I suppose this is why Havas did not submit the work for peer-review. She must have known that the first reviewer to look at this would point this out. I read an argument somewhere that apparently “we have to start somewhere”. This is of course correct: we have to start somewhere, but don’t show it to anyone else until we have done a good job. I am sure Havas is aware of bias, confounding and multivariable statistical analyses, so there question is “Why did she decide to put this stuff online, if not to join Pall and Firstenberg and fuel the fire of the conspiracy?”. 

*

My blog could end here, but there is some more academic work that is easily done and will improve our inferences. We can use a method called ‘inverse propensity weighting’. There is a lot of literature on this, but in (very short) summary: each State is weighted by the inverse of the probability with which the mobile phone operators would have selected that State for 5G. The analysis is then balanced  in such a way as if the operators had allocated 5G randomly. That is really beneficial because it makes the study look somewhat like the gold standard for such tests: the randomized controlled experiments (at least with respect to the variables in the exposure propensity model, and yes it is a bit more complex. Point taken). Anyhow, I did this using all factors above as well as additionally ‘population size’ (because I thought maybe operators went for the largest States first). 

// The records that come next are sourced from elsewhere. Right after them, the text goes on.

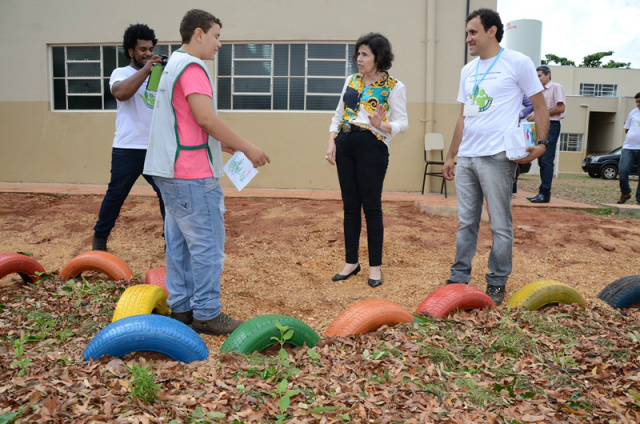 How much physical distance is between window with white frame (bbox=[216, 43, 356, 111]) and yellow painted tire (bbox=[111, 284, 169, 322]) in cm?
699

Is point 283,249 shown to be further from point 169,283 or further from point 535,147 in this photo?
point 535,147

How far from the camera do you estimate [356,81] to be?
14.4 ft

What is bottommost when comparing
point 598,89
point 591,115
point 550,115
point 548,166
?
point 548,166

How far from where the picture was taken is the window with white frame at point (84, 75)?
33.4ft

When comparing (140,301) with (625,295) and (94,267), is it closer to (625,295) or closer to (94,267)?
(94,267)

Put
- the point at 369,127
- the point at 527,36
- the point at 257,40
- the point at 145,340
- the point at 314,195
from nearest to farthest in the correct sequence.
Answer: the point at 145,340 → the point at 369,127 → the point at 314,195 → the point at 257,40 → the point at 527,36

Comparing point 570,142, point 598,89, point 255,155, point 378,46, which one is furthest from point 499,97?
point 598,89

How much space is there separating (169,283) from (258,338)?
34.7 inches

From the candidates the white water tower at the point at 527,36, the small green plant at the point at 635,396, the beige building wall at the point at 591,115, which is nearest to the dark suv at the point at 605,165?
the white water tower at the point at 527,36

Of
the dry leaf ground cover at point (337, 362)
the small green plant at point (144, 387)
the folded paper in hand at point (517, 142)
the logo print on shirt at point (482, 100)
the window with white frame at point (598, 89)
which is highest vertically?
the window with white frame at point (598, 89)

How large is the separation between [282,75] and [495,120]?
656 cm

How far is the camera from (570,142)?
3053 centimetres

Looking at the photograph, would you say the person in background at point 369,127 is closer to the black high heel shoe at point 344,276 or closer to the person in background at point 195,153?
the black high heel shoe at point 344,276

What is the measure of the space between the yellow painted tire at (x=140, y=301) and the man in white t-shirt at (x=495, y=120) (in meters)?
2.34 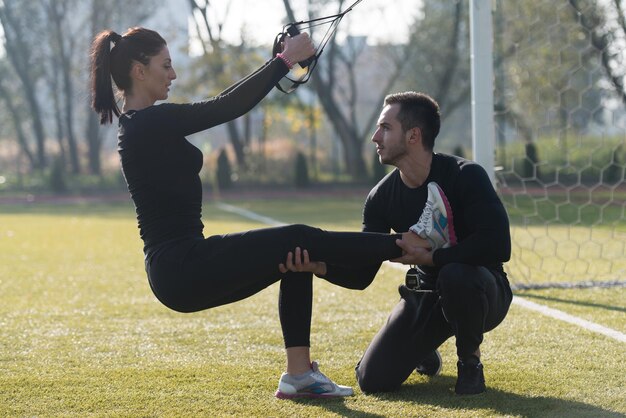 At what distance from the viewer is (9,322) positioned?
6762 mm

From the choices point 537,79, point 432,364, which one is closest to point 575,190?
point 537,79

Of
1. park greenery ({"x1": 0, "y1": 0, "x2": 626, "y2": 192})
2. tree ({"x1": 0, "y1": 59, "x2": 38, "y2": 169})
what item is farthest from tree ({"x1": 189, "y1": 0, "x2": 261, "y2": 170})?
tree ({"x1": 0, "y1": 59, "x2": 38, "y2": 169})

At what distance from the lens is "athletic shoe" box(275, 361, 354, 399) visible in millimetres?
4344

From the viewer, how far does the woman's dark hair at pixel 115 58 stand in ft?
13.9

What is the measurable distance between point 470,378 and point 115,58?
2.09m

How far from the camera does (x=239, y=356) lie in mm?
5410

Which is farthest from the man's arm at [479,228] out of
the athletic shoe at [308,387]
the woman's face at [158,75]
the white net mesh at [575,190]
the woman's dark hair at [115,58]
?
the white net mesh at [575,190]

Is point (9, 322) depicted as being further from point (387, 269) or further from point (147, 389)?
point (387, 269)

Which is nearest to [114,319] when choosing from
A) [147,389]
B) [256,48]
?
[147,389]

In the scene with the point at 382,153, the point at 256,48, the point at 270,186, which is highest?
the point at 256,48

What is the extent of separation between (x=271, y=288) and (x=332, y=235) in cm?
457

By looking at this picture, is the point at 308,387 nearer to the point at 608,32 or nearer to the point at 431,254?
the point at 431,254

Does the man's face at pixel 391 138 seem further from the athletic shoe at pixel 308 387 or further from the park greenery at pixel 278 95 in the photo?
the park greenery at pixel 278 95

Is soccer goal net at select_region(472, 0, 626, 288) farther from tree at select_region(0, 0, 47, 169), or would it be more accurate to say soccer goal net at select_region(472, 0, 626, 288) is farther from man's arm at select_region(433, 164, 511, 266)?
→ tree at select_region(0, 0, 47, 169) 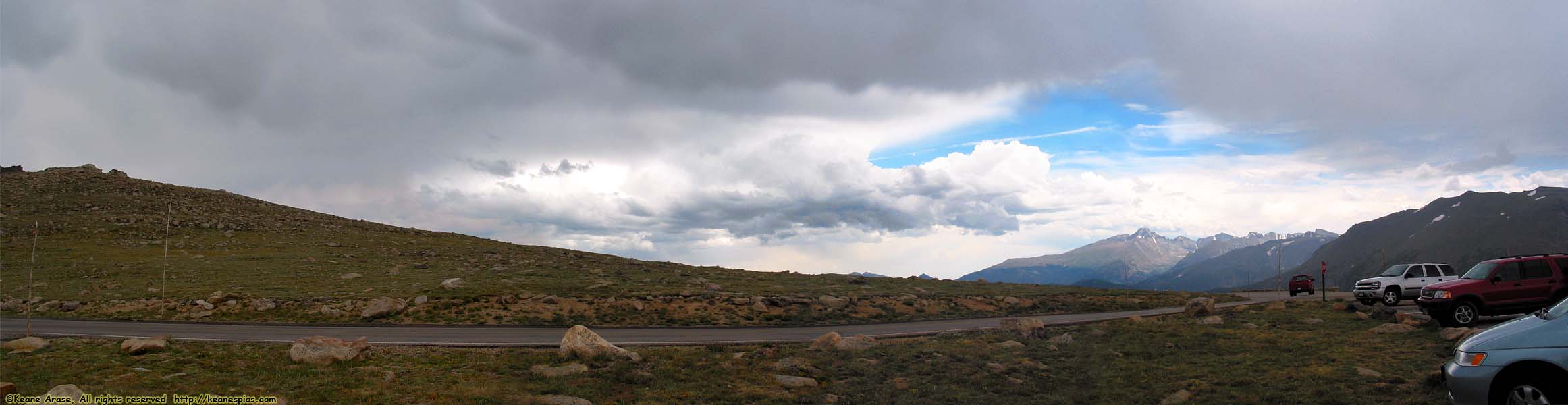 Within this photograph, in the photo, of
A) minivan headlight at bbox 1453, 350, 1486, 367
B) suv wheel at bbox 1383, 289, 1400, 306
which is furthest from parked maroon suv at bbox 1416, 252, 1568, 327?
minivan headlight at bbox 1453, 350, 1486, 367

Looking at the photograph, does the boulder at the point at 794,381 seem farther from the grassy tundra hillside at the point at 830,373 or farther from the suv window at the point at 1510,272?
the suv window at the point at 1510,272

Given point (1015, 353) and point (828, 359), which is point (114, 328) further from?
point (1015, 353)

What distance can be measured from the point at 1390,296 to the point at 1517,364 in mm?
34132

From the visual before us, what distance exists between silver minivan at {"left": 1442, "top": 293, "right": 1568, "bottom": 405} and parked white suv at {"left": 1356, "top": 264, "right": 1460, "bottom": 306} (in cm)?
3249

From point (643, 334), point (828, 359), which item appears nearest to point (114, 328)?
point (643, 334)

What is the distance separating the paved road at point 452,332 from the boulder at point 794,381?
30.0ft

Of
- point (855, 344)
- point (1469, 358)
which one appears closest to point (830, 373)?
point (855, 344)

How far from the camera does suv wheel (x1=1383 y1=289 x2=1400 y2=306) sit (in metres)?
37.1

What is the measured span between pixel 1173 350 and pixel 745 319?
861 inches

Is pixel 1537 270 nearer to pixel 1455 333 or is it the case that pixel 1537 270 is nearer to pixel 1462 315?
pixel 1462 315

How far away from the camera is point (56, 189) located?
87125 mm

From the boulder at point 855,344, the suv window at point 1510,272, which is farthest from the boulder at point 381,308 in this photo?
the suv window at point 1510,272

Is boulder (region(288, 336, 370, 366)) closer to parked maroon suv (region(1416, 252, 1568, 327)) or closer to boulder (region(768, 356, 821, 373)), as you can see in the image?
boulder (region(768, 356, 821, 373))

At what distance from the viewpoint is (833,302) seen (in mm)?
44344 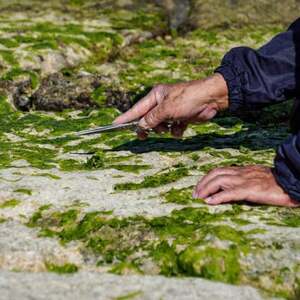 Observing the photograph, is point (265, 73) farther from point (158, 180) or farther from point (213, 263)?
point (213, 263)

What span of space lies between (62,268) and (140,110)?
3185mm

Because this now kind of a random experiment the difference can be directly compared without adjustment for other factors (like Havas did in the first Table in this blog). And wow, the effect has reduced to as little as +10% with a p-value of 0.75. 

A final further improvement is ‘doubly robust adjustment’, and these “best” results show there is actually no evidence of any causal effect from 5G anymore: The difference is less than 1% and the p-value is 0.975. 

With this, I think we can comfortably say that this conspiracy theory has been debunked.

These analyses can of course be done with better data and possibly better models, so that’s why the dataset and R script can be downloaded here and here. It is also quite straightforward to repeat these analyses for other countries. I am looking forward to your contributions: just email or DM me on twitter if you have done this.

*

Addendum

Someone combining the spatial data on COVID-19 and 5G and looking somewhat amateurish at the correlation was always going to happen, and it would have been straightforward to do it correctly. We suggested this about 2 weeks ago to the mobile phone operators. This would have addressed the issues we are facing now. Unfortunately, the operators didn’t trust independent research. In fact, they hired a ‘product defence’ consultancy agency to do a review for them – very disappointing (and hopefully a lesson learned)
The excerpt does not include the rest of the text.